Providers of hosted services continue to launch new offerings in the Australian market with research released today showing the Software as a Service (SaaS) model is growing at a compound annual growth rate of 65 percent and is set to top $506 million by 2010.
Growth in the Australian market is attributed to a growing awareness of the SaaS model. Springboard Research shows awareness has jumped 31 percentage points over the last year.
The results of the study were released on the back of more hosted services being launched in Australia this week.
For example, TPP Internet announced its hosted Microsoft Exchange 2007 service for as little as $20 per mailbox per month.

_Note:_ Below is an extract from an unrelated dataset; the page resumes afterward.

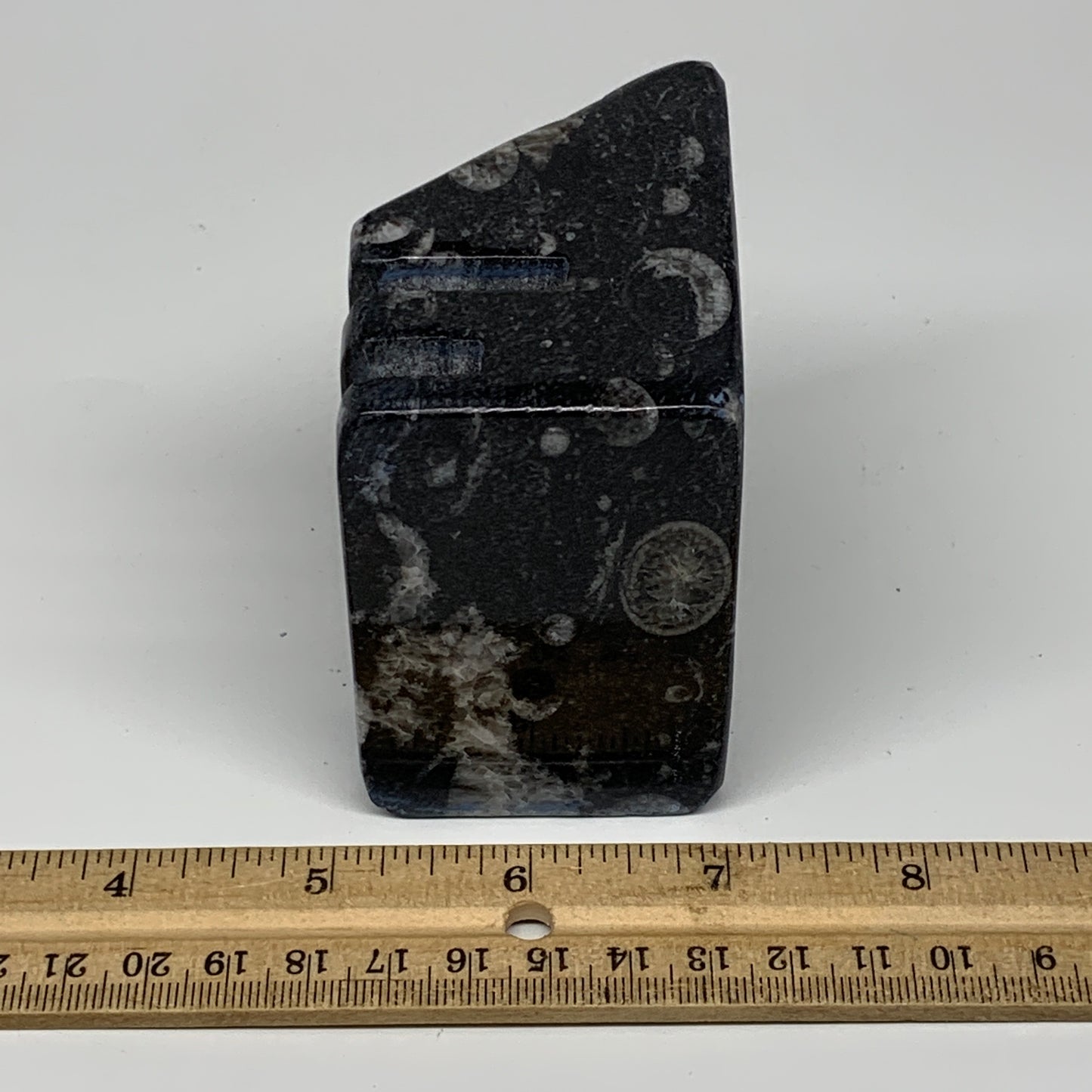 506g, 2.9" x 2.9" x 2" Black Fossils Orthoceras Ammonite Business Card Holder,B8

The domain registration company joins a long list of companies that have launched SaaS offerings in the past 18 months taking on traditional players such as Salesforce.com, WebEx, Oracle, RightNow and NetSuite.

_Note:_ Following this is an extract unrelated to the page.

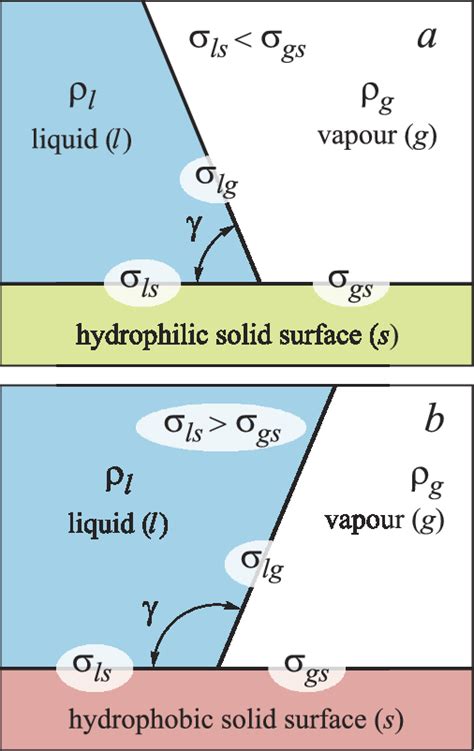 Definition of contact angle for (a) hydrophilic and (b) hydrophobic ...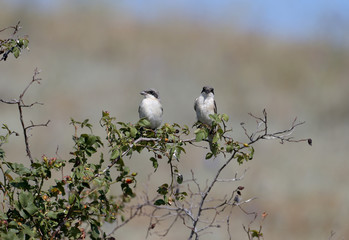 The adult and chick The lesser gray shrike (Lanius minor) are sitting together on a branch of a dogrose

TPP Internet provides business grade e-mail, shared calendars, tasks and contacts all automatically synchronised with desktops, PDAs, smart phones and mobile laptops.
TPP marketing director, Chris Collinge, said the service is offered in real time without having to buy, manage and maintain all the servers and infrastructures, which is ideal for the small to medium business sector.
Collinge said the company made the decision to host Exchange 2007 rather than Exchange 2003 because of the additional features.
He said e-mail has become a high demand application that requires around-the-clock availability.
"To stay competitive in today's business environment, businesses need sophisticated messaging tools with features like mobile access and shared calendars. Yet these tools come with complex needs for implementation, management and support," Collinge said. "Small to medium organisations face the same digital communication challenges as large enterprises, but often lack the internal resources and capabilities to address them.
"This is particularly true for businesses with fewer than 50 employees who have a limited IT department or no IT department at all." TPP utilises a hosting infrastructure and features include user authentication and multiple levels of password authorisation, daily backups stored securely offsite, encryption of data during network transit and storage. Springboard Research ANZ country manager, Phil Hassey, said escalating IT expenditures and increasingly complicated IT systems, are even forcing enterprises to adopt the SaaS alternative.
"Enterprises have found a spin-off benefit with the opportunity to cut down on expensive in-house or outsourced IT personnel, compared to the traditional software model where implementation and software upgrades cost more money and time," Hassey said.
While IT departments remain firmly in control of software deployments in large organizations, business users are emerging as key influencers of SaaS adoption within many companies in ANZ, according to Springboard Research.